Recorded data:
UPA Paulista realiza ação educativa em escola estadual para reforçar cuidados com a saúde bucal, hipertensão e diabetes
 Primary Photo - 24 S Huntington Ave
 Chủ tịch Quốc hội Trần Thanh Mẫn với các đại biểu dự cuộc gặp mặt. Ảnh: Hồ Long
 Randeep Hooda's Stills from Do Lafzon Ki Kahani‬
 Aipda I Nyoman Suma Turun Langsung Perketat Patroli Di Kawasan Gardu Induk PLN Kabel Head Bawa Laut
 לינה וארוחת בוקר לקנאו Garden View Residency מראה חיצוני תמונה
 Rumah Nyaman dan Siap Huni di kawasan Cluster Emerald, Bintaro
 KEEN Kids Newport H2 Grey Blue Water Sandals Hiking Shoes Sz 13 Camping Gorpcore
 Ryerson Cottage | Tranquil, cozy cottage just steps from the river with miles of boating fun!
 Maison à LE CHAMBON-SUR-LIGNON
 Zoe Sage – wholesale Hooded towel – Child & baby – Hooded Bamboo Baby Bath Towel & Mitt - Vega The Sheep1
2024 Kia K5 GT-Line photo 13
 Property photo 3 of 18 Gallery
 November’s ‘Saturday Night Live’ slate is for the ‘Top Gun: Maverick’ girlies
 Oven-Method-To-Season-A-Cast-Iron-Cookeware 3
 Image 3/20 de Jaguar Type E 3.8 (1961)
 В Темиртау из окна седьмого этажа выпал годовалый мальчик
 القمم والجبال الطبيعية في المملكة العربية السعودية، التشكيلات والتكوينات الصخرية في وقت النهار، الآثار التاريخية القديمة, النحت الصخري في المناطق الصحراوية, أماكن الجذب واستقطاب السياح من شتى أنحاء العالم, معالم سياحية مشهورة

**Work to be completed**: What lines in the data above contain the word "from"? Copy them all.

**Task response**:
 Randeep Hooda's Stills from Do Lafzon Ki Kahani‬
 Ryerson Cottage | Tranquil, cozy cottage just steps from the river with miles of boating fun!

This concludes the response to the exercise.